Astronomers are outlining a plan to revive a massive telescope on the moon

A group of astronomers from the University of Texas at Austin believe that reviving NASA’s decades-old plan from a decade ago could solve a problem that other telescopes cannot address. Astronomers believe that the huge telescope will be able to study the first stars in the universe. The researchers on the project say the James Webb Space Telescope will look at the time when galaxies first formed.

However, the theory predicts an earlier time when galaxies did not yet exist when individual stars first formed. These stars are known as Tertiary stars and marked the moment of their first light, and formed about 13 billion years ago. Seeing those stars is beyond the capabilities of the James Webb Space Telescope.

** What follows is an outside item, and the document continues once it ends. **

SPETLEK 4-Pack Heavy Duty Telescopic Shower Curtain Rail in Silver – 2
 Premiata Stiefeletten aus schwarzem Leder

However, prof NASA shelved it A decade ago it was described as the “ultimate” telescope that would allow astronomers to see the stars of Group C. Stars were created from a mixture of the gases of hydrogen and helium and are believed to be tens or hundreds of times larger than the sun. New calculations show that an ancient facility proposed by NASA, a liquid mirror telescope operating from the surface of the moon, may see these stars, NASA’s Anna Schauer at Hubble has obtained.

NASA analyzed the proposed facility a decade ago but decided not to build it. Another scientist on the project said that the supporting signs on the oldest stars were not present, indicating that the telescope is ideal for solving the problem. A proposed liquid mirror lunar telescope called the “Ultimate Large Telescope” would have a mirror of 100 meters in diameter.

It will operate independently from the surface of the moon and will get power from the solar collector plant on the moon. The data collected will be transferred to a satellite in orbit around the moon to be sent to Earth. The mirror will be a rotating bowl of liquid topped with a metallic liquid. The tub will rotate continuously to keep the surface of the liquid in the correct parabolic shape to act as a mirror. The telescope itself would be stationary, and located inside a crater on the north or south pole of the moon. The researchers want the astronomical community to reconsider the racks plan, but it’s unclear if that will happen.